The V6 Midsize Sedan Segment In The Philippines Is Disappearing

The midsize sedan segment is dying in the Philippine market, and one thing is to blame for all this, the SUV and crossovers. Unlike most countries though, it makes huge sense in the Philippines for SUVs and crossovers to proliferate, no thanks to infamous flash floods that curses a tropical country every year, and no thanks to lazy people who throw trash in the wrong places, clogging up sewage systems all over the country. However, due to more stringent fuel and emission regulations around the world, a certain type of midsize sedan is suffering from a two-way brunt, the V6 midsize sedan.

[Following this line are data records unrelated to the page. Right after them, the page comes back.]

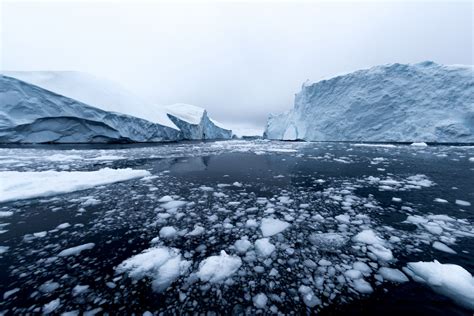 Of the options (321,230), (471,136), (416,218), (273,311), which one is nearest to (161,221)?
(273,311)

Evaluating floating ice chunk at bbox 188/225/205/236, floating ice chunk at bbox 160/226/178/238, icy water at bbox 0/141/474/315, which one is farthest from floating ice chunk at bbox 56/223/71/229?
floating ice chunk at bbox 188/225/205/236

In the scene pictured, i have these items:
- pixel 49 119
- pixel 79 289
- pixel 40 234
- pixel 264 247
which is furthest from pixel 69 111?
pixel 264 247

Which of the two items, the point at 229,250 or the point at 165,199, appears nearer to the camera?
the point at 229,250

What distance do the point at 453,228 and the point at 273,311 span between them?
1951mm

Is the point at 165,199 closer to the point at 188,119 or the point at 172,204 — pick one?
the point at 172,204

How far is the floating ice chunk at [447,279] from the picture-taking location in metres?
1.04

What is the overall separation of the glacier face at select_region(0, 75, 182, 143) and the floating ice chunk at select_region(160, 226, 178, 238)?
1508cm

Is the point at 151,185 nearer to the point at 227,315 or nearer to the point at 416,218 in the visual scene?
the point at 227,315

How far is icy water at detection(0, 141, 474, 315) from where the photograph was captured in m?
1.01

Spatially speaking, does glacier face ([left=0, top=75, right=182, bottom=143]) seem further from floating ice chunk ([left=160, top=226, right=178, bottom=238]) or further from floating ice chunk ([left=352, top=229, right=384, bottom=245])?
floating ice chunk ([left=352, top=229, right=384, bottom=245])

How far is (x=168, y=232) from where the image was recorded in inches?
66.4

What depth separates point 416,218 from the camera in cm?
195

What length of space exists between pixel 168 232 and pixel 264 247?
2.72 ft

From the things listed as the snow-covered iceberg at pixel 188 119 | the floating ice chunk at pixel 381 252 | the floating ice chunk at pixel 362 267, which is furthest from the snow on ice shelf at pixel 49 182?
the snow-covered iceberg at pixel 188 119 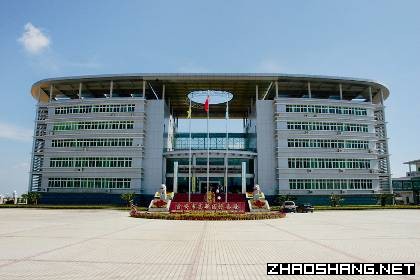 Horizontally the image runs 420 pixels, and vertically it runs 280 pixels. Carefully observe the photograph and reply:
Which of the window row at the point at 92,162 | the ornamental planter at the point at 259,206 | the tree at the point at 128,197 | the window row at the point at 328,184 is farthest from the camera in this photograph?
the window row at the point at 92,162

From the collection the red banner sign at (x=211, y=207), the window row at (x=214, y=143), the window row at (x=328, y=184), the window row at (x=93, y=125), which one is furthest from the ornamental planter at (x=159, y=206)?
the window row at (x=214, y=143)

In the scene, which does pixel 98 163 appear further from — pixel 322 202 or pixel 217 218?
pixel 322 202

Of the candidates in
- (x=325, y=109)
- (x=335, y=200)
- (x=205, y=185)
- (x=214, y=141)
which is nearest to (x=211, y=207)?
(x=205, y=185)

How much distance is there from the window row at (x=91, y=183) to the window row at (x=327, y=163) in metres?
27.8

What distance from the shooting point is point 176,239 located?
1612 centimetres

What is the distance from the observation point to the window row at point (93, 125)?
56.3 meters

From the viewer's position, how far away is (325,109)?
2248 inches

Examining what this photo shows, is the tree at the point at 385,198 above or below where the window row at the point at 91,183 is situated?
below

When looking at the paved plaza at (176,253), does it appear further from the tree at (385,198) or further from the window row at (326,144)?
the tree at (385,198)

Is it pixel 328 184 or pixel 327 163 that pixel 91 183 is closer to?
pixel 328 184

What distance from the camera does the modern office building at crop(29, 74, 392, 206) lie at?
54.9 metres

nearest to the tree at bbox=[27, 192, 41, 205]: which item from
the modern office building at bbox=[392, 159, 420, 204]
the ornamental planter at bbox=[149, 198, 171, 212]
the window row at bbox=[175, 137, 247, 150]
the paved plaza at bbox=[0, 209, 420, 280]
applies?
the ornamental planter at bbox=[149, 198, 171, 212]

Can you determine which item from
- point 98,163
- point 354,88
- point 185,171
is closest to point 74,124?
point 98,163

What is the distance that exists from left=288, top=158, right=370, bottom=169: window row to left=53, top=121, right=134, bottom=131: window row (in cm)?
2814
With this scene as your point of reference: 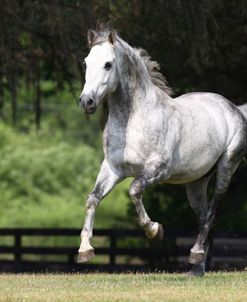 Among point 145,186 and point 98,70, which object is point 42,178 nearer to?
point 145,186

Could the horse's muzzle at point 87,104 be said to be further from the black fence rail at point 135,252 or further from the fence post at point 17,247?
the fence post at point 17,247

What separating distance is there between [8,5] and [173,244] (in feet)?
19.2

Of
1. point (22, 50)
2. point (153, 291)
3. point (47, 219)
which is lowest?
point (47, 219)

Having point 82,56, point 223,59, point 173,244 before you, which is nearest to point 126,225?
point 173,244

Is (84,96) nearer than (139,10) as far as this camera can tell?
Yes

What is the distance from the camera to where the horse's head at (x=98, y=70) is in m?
10.2

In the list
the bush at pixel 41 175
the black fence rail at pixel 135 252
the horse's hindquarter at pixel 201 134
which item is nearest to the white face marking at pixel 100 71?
the horse's hindquarter at pixel 201 134

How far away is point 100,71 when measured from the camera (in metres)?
10.5

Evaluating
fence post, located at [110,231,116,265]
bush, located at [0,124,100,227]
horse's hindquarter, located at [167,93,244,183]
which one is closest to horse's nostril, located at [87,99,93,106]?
horse's hindquarter, located at [167,93,244,183]

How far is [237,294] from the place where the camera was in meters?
9.31

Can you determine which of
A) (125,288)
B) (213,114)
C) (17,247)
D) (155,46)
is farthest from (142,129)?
(17,247)

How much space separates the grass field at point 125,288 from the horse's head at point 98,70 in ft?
5.96

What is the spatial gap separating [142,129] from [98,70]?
850mm

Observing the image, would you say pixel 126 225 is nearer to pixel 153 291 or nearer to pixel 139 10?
pixel 139 10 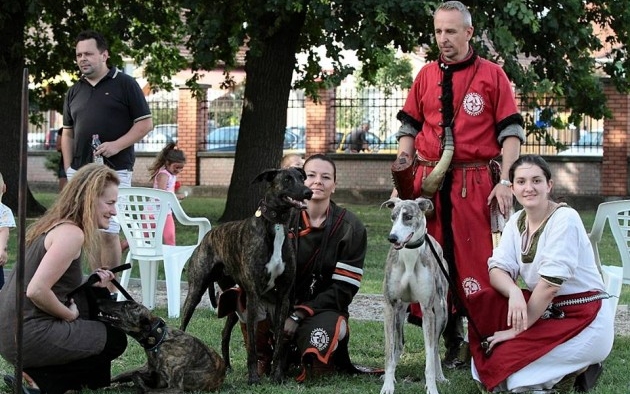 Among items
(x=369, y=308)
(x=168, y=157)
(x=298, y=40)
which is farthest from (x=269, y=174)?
(x=298, y=40)

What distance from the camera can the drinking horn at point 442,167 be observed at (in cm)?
671

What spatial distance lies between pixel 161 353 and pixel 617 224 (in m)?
3.67

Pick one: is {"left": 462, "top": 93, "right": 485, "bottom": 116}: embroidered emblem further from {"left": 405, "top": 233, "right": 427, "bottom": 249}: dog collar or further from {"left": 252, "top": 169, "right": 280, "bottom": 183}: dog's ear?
{"left": 252, "top": 169, "right": 280, "bottom": 183}: dog's ear

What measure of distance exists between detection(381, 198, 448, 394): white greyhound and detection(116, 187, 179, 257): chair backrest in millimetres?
3622

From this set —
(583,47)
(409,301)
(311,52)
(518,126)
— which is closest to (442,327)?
(409,301)

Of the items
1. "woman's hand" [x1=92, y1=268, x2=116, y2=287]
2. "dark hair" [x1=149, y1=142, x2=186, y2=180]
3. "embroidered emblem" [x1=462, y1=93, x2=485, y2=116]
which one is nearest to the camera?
"woman's hand" [x1=92, y1=268, x2=116, y2=287]

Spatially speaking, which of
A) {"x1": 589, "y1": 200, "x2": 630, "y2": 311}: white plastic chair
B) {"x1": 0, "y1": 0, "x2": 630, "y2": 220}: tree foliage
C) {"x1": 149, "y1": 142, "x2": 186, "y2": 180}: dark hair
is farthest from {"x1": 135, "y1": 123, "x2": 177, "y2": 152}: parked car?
{"x1": 589, "y1": 200, "x2": 630, "y2": 311}: white plastic chair

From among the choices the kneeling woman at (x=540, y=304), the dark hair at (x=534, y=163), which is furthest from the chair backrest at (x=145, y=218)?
the dark hair at (x=534, y=163)

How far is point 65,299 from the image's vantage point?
19.4 feet

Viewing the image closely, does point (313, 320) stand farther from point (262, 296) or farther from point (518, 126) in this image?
point (518, 126)

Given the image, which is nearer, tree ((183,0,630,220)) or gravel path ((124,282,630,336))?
gravel path ((124,282,630,336))

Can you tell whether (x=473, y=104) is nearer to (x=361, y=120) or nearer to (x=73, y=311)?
(x=73, y=311)

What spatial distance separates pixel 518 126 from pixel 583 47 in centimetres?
1041

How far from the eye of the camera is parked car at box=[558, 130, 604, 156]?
1046 inches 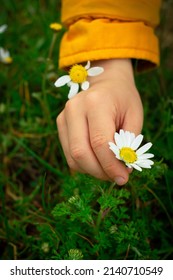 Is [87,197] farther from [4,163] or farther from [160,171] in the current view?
[4,163]

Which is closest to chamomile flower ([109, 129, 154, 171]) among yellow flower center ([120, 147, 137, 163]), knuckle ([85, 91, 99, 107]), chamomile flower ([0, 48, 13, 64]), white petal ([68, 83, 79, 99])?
yellow flower center ([120, 147, 137, 163])

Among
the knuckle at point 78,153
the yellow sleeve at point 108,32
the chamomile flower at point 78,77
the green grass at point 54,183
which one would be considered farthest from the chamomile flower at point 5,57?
the knuckle at point 78,153

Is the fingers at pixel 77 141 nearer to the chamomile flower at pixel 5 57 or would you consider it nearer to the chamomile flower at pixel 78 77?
the chamomile flower at pixel 78 77

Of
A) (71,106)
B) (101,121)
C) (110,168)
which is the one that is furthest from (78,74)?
(110,168)
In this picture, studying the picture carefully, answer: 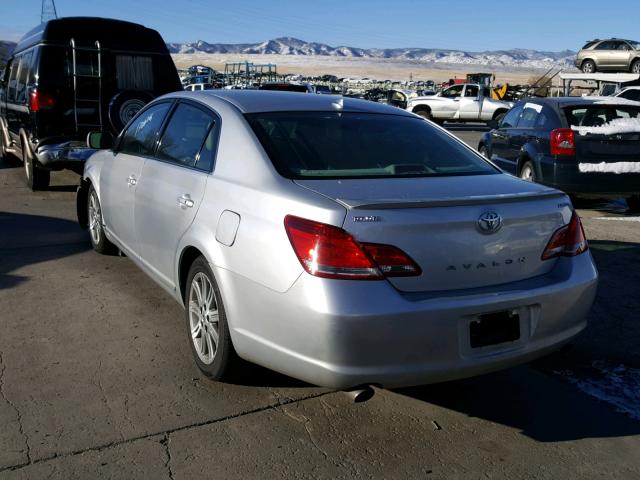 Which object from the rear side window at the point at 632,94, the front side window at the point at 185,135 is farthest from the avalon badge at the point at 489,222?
the rear side window at the point at 632,94

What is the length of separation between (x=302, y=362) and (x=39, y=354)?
1.92 m

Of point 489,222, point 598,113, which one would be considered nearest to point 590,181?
point 598,113

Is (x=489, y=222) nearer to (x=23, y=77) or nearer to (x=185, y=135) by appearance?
(x=185, y=135)

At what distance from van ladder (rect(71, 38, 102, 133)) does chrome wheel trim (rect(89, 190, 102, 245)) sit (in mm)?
3323

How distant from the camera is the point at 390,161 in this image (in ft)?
12.7

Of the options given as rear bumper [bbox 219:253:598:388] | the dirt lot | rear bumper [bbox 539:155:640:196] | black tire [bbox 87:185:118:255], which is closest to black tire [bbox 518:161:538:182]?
rear bumper [bbox 539:155:640:196]

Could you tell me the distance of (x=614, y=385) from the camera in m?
3.94

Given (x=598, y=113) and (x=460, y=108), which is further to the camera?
(x=460, y=108)

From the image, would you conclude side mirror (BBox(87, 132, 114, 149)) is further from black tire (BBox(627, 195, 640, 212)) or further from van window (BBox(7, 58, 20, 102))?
black tire (BBox(627, 195, 640, 212))

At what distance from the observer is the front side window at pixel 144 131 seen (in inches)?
194

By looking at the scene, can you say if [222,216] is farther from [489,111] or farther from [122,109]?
[489,111]

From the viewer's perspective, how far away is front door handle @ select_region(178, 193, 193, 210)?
3.92 meters

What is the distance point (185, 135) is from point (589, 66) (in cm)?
3053

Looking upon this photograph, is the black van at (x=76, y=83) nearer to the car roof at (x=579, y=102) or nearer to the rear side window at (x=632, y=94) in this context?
the car roof at (x=579, y=102)
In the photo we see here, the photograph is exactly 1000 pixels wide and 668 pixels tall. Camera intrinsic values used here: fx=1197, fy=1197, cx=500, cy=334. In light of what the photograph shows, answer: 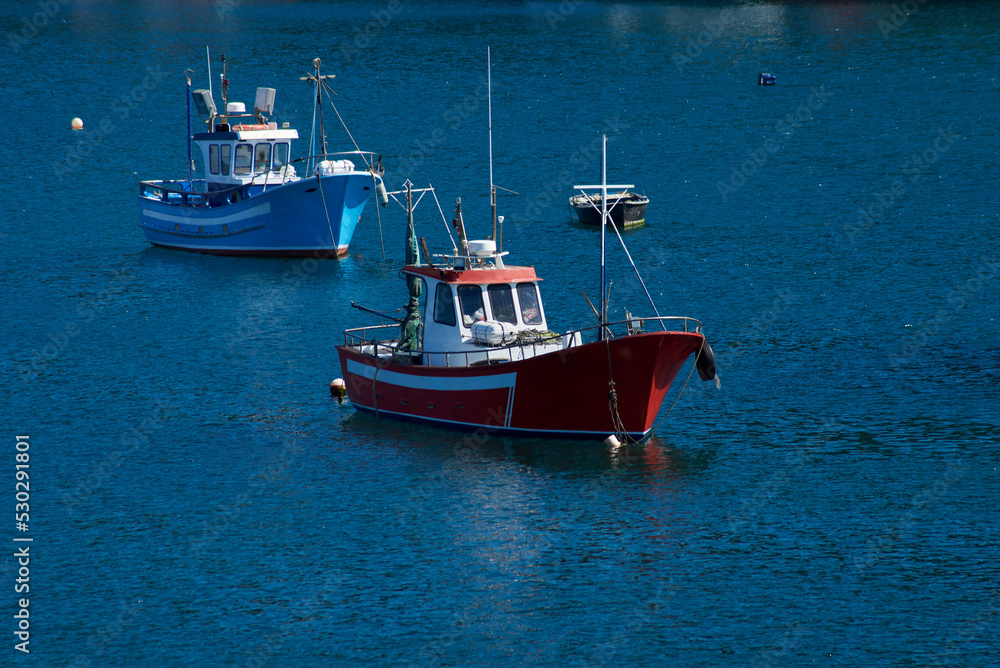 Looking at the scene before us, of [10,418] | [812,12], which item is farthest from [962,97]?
[10,418]

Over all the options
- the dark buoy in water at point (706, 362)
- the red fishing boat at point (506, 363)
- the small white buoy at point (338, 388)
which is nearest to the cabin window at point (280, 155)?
the small white buoy at point (338, 388)

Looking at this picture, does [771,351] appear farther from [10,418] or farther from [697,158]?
[697,158]

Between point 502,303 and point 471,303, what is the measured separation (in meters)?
0.84

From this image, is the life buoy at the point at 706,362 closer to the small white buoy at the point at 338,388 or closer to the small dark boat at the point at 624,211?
the small white buoy at the point at 338,388

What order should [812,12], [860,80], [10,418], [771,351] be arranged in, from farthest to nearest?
[812,12]
[860,80]
[771,351]
[10,418]

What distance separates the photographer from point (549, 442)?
30.7 m

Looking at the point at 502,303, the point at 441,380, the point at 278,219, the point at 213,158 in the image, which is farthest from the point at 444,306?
the point at 213,158

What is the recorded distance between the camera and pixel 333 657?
21.6m

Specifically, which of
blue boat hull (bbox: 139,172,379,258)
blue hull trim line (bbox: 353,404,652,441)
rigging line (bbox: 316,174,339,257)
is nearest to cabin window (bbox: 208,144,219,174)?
blue boat hull (bbox: 139,172,379,258)

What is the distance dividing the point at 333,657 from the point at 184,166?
2433 inches

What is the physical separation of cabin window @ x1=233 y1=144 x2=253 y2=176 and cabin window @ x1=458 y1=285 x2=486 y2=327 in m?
30.1

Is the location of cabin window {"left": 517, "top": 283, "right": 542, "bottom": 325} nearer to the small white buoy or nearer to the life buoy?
the life buoy

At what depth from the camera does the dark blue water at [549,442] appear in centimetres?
2286

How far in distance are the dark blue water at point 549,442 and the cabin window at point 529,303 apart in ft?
11.0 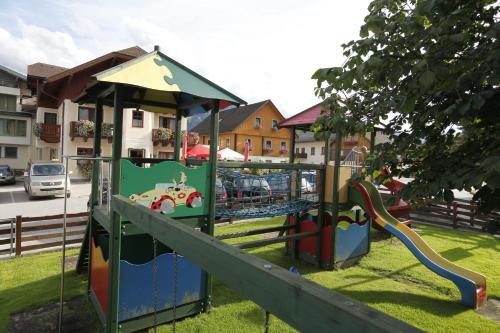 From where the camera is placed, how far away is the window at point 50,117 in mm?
25250

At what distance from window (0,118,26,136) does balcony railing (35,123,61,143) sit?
8834 millimetres

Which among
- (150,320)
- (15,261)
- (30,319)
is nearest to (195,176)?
(150,320)

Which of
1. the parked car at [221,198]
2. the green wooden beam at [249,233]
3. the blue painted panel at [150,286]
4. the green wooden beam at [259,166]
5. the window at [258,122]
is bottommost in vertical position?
the blue painted panel at [150,286]

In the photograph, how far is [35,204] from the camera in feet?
47.5

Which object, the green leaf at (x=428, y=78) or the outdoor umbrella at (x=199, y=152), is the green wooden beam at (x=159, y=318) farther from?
the outdoor umbrella at (x=199, y=152)

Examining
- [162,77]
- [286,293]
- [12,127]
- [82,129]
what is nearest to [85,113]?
[82,129]

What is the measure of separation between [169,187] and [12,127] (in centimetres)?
3234

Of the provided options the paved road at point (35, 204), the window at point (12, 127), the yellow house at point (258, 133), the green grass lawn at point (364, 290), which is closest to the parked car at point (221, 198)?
the green grass lawn at point (364, 290)

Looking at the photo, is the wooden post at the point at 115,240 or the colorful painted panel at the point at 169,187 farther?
the colorful painted panel at the point at 169,187

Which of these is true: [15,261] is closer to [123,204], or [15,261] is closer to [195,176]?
[195,176]

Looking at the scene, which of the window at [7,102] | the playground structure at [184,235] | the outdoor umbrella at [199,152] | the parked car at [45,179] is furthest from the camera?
the window at [7,102]

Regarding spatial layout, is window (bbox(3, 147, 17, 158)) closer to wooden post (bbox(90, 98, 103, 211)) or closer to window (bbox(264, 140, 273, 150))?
window (bbox(264, 140, 273, 150))

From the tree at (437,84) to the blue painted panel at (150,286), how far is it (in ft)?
10.3

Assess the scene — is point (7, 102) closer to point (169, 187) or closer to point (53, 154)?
point (53, 154) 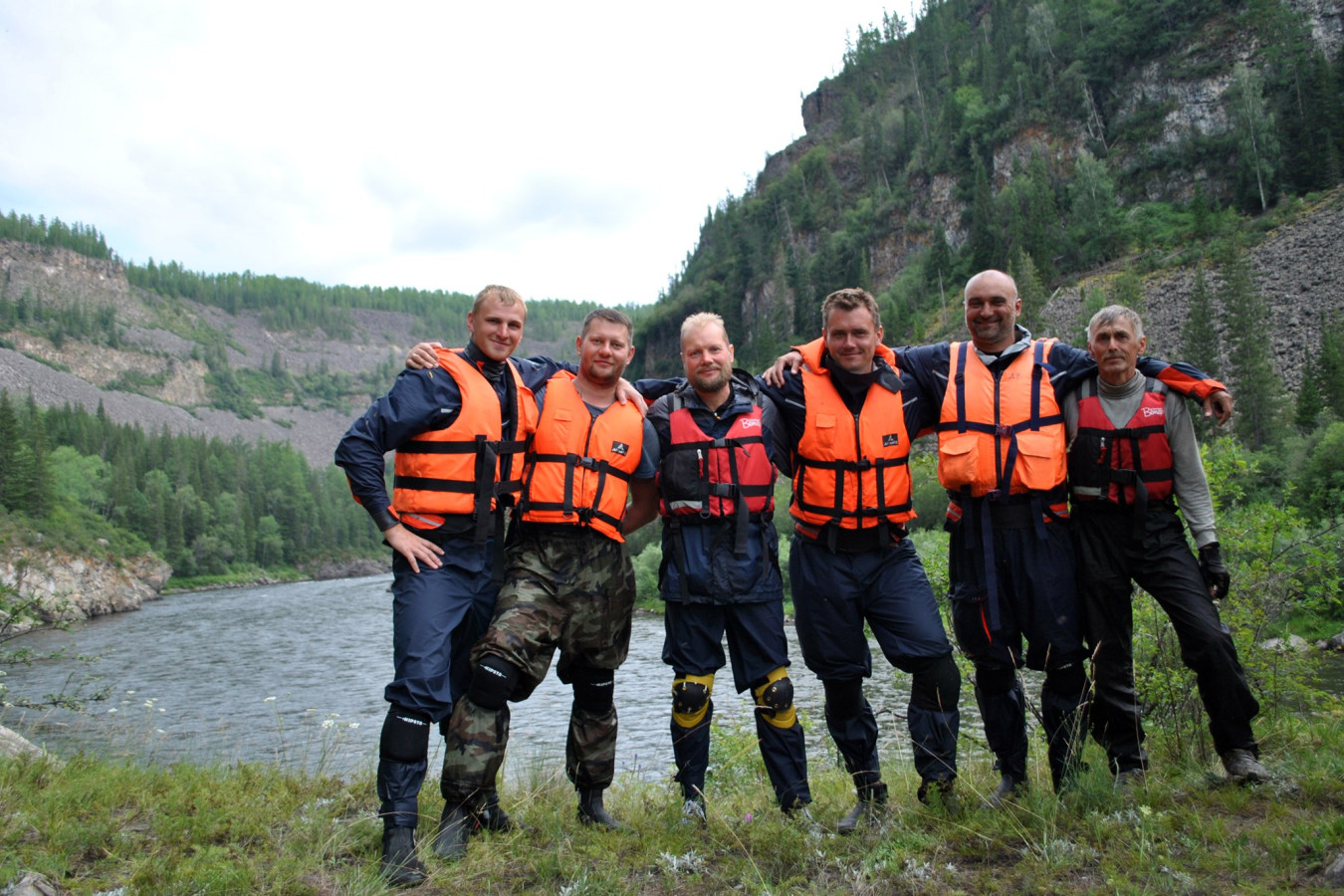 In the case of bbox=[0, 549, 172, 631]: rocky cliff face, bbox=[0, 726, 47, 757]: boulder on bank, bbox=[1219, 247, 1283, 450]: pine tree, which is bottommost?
Result: bbox=[0, 549, 172, 631]: rocky cliff face

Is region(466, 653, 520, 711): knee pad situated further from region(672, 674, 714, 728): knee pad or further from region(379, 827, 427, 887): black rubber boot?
region(672, 674, 714, 728): knee pad

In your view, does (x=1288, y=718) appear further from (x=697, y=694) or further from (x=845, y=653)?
(x=697, y=694)

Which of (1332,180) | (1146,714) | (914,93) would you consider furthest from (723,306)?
(1146,714)

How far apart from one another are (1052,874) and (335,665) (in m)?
25.5

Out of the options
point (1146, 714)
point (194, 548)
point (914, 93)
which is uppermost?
point (914, 93)

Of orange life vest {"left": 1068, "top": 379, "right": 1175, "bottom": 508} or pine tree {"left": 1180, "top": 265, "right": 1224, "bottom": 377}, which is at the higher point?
pine tree {"left": 1180, "top": 265, "right": 1224, "bottom": 377}

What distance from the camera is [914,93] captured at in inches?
4102

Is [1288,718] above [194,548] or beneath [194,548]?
above

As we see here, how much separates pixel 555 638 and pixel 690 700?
0.81 m

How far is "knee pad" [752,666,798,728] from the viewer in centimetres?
431

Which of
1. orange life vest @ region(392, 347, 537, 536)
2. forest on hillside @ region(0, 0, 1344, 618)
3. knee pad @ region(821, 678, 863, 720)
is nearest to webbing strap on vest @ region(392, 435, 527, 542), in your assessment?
orange life vest @ region(392, 347, 537, 536)

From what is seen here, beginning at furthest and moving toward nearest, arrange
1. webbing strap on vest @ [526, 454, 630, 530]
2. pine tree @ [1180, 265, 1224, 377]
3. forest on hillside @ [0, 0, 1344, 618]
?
forest on hillside @ [0, 0, 1344, 618], pine tree @ [1180, 265, 1224, 377], webbing strap on vest @ [526, 454, 630, 530]

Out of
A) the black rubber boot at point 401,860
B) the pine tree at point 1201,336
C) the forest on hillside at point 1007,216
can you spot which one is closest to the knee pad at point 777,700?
the black rubber boot at point 401,860

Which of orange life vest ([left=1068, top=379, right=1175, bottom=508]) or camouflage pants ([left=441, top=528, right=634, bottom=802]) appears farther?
orange life vest ([left=1068, top=379, right=1175, bottom=508]) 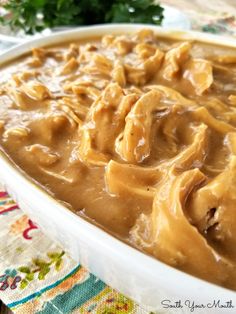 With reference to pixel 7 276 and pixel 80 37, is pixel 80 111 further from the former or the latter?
pixel 80 37

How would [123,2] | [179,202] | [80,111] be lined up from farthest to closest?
[123,2] < [80,111] < [179,202]

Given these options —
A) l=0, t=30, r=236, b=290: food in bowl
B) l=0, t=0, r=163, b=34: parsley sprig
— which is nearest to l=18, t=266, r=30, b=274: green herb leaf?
l=0, t=30, r=236, b=290: food in bowl

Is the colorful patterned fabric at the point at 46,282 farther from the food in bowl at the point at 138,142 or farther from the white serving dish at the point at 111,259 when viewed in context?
the food in bowl at the point at 138,142

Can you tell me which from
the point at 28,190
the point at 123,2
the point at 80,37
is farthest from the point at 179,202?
the point at 123,2

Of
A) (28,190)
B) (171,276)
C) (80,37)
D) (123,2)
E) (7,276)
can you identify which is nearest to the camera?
(171,276)

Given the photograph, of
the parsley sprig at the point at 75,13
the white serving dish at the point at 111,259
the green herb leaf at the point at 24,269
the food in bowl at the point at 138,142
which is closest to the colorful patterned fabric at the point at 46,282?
the green herb leaf at the point at 24,269

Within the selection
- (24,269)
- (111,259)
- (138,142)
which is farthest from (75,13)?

2018 Honda Accord Sport (Autoguide.com)

The Honda Accord just bowed down recently to the world audience, and powering it are a pair of turbocharged 4-cylinder i-VTEC engines. One is a 192 hp 1.5 liter turbo used in the Civic and CR-V, and the other is a 258 hp 2.0 liter turbo used in the Civic Type-R, but detuned for less power. While the 2.0 liter turbo is down on power compared to the V6 is replaces, the torque is significantly higher in this engine, which will make it accelerate faster than the V6. The 1.5 liter turbo is mated to a CVT, while the 2.0 liter turbo is mated to an all-new 10-Speed Automatic. This spells a death to the V6 Accord not just worldwide, but to the Philippines as well. With increased market proliferation of SUVs and crossovers, and with compact sedans getting posher, bigger, and more sophisticated than ever, many people are now contented with a Honda Civic, and would rather splurge a higher amount of cash for a Mitsubishi Montero Sport.

Toyota Camry 3.5 Q

Which leaves us with only one midsize sedan with a V6 engine in our market, the Toyota Camry. The Camry and Accord dominated the segment with its option of an opulent and powerful 3.5 liter V6 engine. It had the power to shame a Toyota 86, and the refinement to match a European luxury sedan, but alas, as the world is still convinced that the most fuel efficient way to boost fuel efficiency is by downsizing and turbocharging, the death of the V6 is anything but expected.

Honda Accord 3.5 SV

Too bad, as the Honda Accord had one of the best V6 engines in the market. That 3.5 liter i-VTEC V6 was buttery smooth and powerful, with 278 hp on tap, making it the most powerful in its segment. It was fuel efficient, too, as it has Variable Cylinder Management (VCM) which cuts off up to three cylinders during light throttle inputs in order to save fuel, and when placed through its paces, it made a snarly noise.

2018 Toyota Camry

Thankfully, the new, sportier, and more exciting Toyota Camry that recently bowed down to the world still has a V6, and get this, that V6 engine produces 301 horsepower, thanks to D-4S, a similar technology found in the Lexus GS 350 and Lexus IS 350, which provided both direct and port injection in the engine for better fuel efficiency or better power delivery. Reviews note of the Camry’s V6 engine to be a gem, and in its sportier XSE trim, actually handled like a legitimate sports sedan. All we can do is hope for Toyota Motor Philippines to bring in the V6 Camry when it launches in the Philippines anytime soon.

Nissan Teana 350XV

It wasn’t just the Camry and the Accord that had a V6. Nissan also brought a V6 midsize sedan in the Philippines through the form of the Nissan Cefiro and Nissan Teana. In the late ’90s to early 2000s, having the V6 Cefiro meant that you were a somebody. People deemed you as important, and the launch of the V6 only Teana further bolstered that. Like the Camry, the Cefiro and Teana were made for comfort rather than sport, and boy was it really comfortable. The Nissan Teana boasts an ottoman front seat, and the option for heated and ventilated seats, the only one in its class to have it.

Nissan Altima 2.5 SV

Now though, the American-made Nissan Altima is Nissan’s current midsize sedan offering, but in its 2016 mid-cycle facelift form, the V6 engine was dropped in favor of a 2.5 liter. Gone, too, was its comfortable demeanor, now marketed too as a sports sedan, with its predominantly black interior, and torque vectoring.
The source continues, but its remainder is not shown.